The Keep Birth Control Copay Free campaign came to UNC on Friday in the Mission Control bus, its customized Airstream.
The Airstream parked outside of Davis Library from 10:30 a.m. to 4 p.m., and its team encouraged students and visitors to take part in the campaign to keep birth control copays free.
On Oct. 6, the Trump administration announced two new rules that would allow employers to stop covering birth control on grounds of moral or religious conflicts. These rules would roll back the birth control benefit included in the Affordable Care Act, which established birth control as preventative health care, making it and other preventive health care services copay free.

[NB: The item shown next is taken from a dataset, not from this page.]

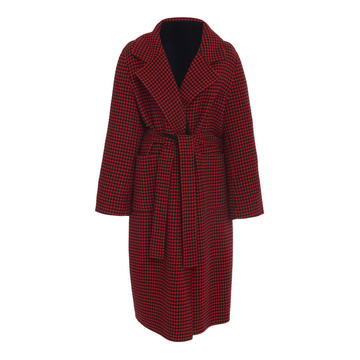 Lyonia Double-Faced Wool-Blend Houndstooth Coat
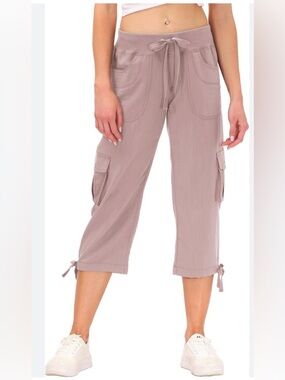 LUCY Women’s Cargo Crop Pants with Drawstring Waist Size Medium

“We believe that the decision about whether or when to have children should lie with women and not with Congress, and so we began the Keep Birth Control Copay Free Campaign, which is designed to raise awareness about the critical importance of copay free contraception,” said April Reign, the digital strategist and spokesperson for the Keep Birth Control Copay Free campaign.
Reign said the Airstream is visiting various schools in North Carolina, Georgia, Florida and Virginia to empower women and men who are concerned about this health issue.
“I think one of the important points here is that many of the women that we are seeing on our college tour actually came of reproductive age during the Obama years, and so these women have never even had to think about paying for birth control, and so this could mean a significant difference to them financially and personally,” she said.
Outside of Davis Library, students were invited to enter the dorm-themed interior of the Airstream and engage in an iPad station allowing visitors to send comments to the Trump administration, as well as a specialized invoice generator.
The invoice generator, according to Reign, calculates the annual cost of a person’s preferred method of birth control and sends the bill to both the Trump administration and to the U.S. Department of Health and Human Services. The invoice language is also being sent to the federal register as an official comment opposing the new rules. The commenting period ends on Dec. 5, Reign said.
Students could get a photo taken inside the Airstream, contribute their opinions to a chalkboard and take free stickers, pins, “Trump condoms” and tiny foam fingers.
Jameela Davis, a member of the team campaigning with the Airstream, said the goal is to flood the administration with as many invoices and petitions as they can.
Jonathan Perron, a business major, visited the bus and said his decision to sign the petition was based on his belief that this is women’s health issue.
“It’s up to them to have power over their own bodies, and it gives a little bit more autonomy and control to women, and that’s why I’m for it and that’s why I decided to sign the petition,” Perron said.
Hallie Smith, who was touring campus on Friday, expressed her support for what the campaign was doing.
“I have 11 grandchildren, and I want them to have any protection they need for whatever reason,” Smith said.